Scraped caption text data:
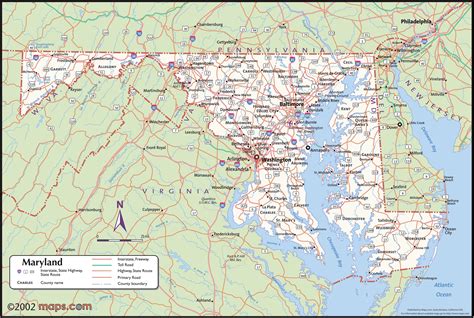 Maryland State Map at Tommy Bautista blog
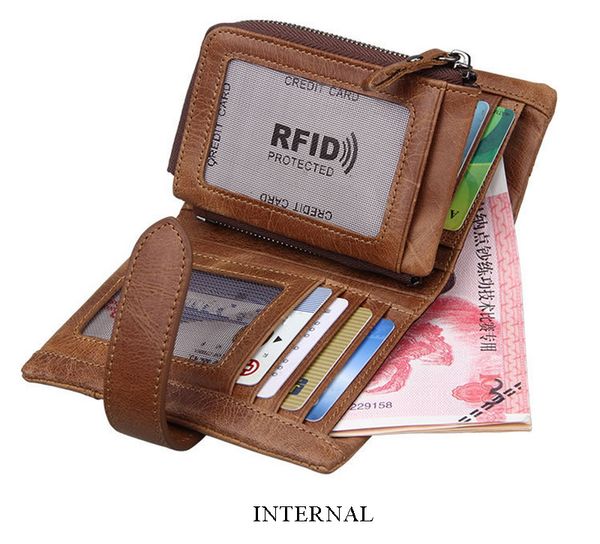 men's wallets leather zipper hasp coins purses cards slots rfid protected pockets sim card slots vintage money bags male, Red;black
men's wallets leather zipper hasp coins purses cards slots rfid protected pockets sim card slots vintage money bags male, Red;black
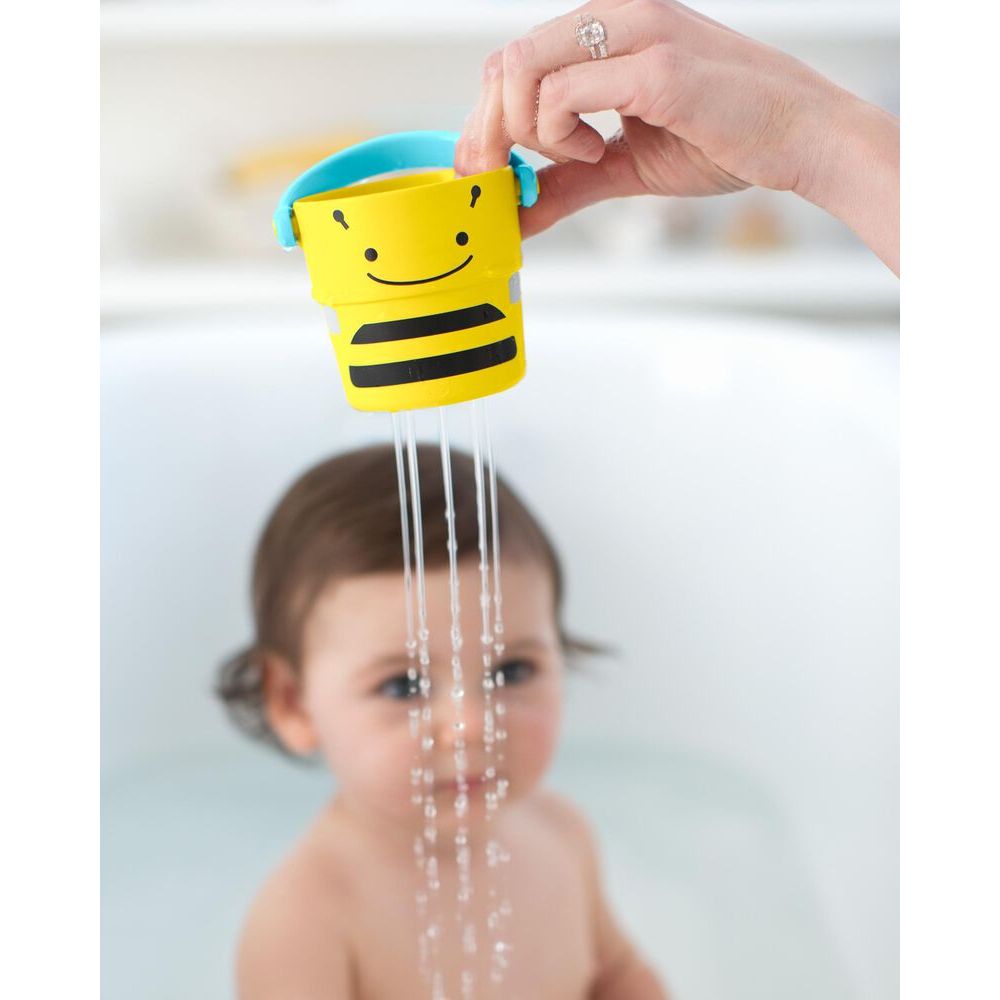 Skip Hop Zoo Bath Stack &amp; Pour Buckets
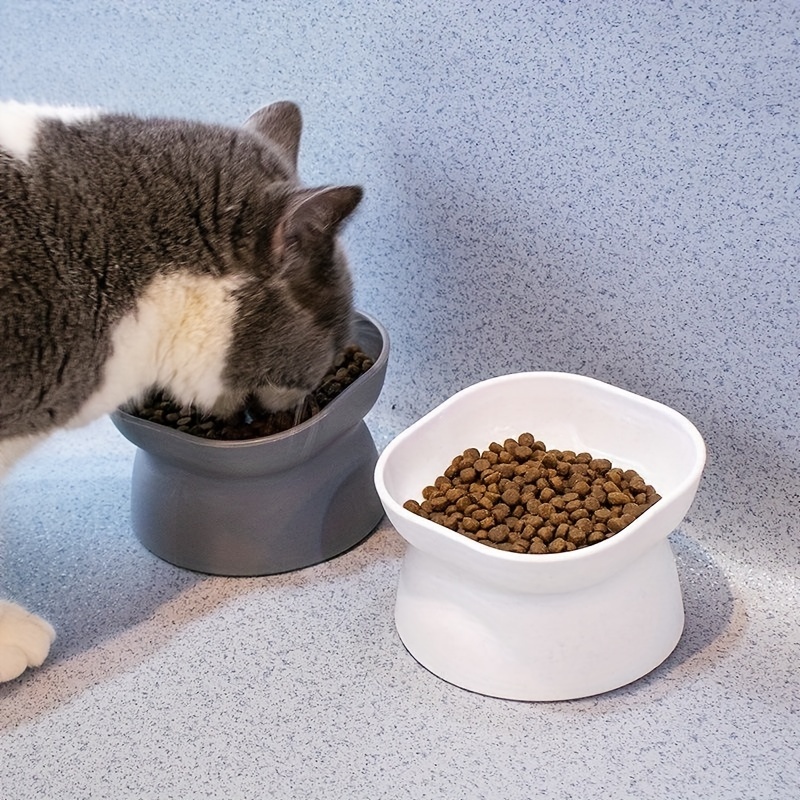 

Cat Bowl High Foot Drinking Dish Cat Pet Food Water Bowl Pet Feeding Cup Pet Feeder Bowl Pet Cat Feeding Supplies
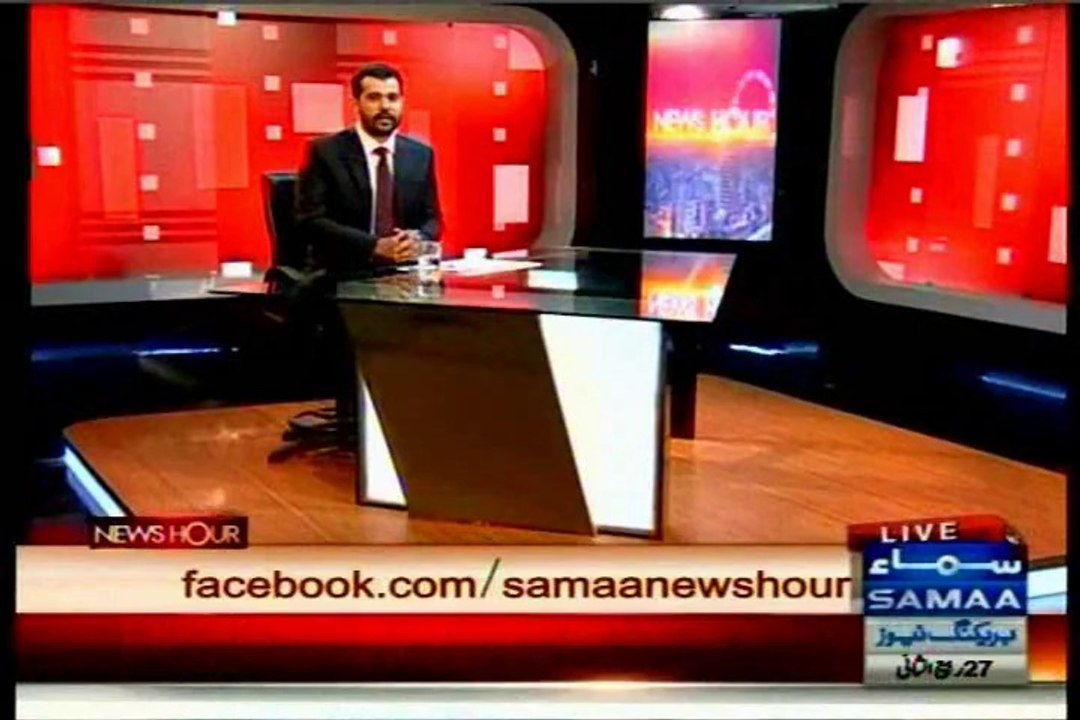 Samaa News Hour Usama Ghazi with MQM Haider Abbas Rizvi (27 Feb 2014)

--- What you are asked to do ---
Give back the data exactly. Skip any images.

--- Exercise result ---
 Maryland State Map at Tommy Bautista blog
 men's wallets leather zipper hasp coins purses cards slots rfid protected pockets sim card slots vintage money bags male, Red;black
men's wallets leather zipper hasp coins purses cards slots rfid protected pockets sim card slots vintage money bags male, Red;black
 Skip Hop Zoo Bath Stack &amp; Pour Buckets

Cat Bowl High Foot Drinking Dish Cat Pet Food Water Bowl Pet Feeding Cup Pet Feeder Bowl Pet Cat Feeding Supplies
 Samaa News Hour Usama Ghazi with MQM Haider Abbas Rizvi (27 Feb 2014)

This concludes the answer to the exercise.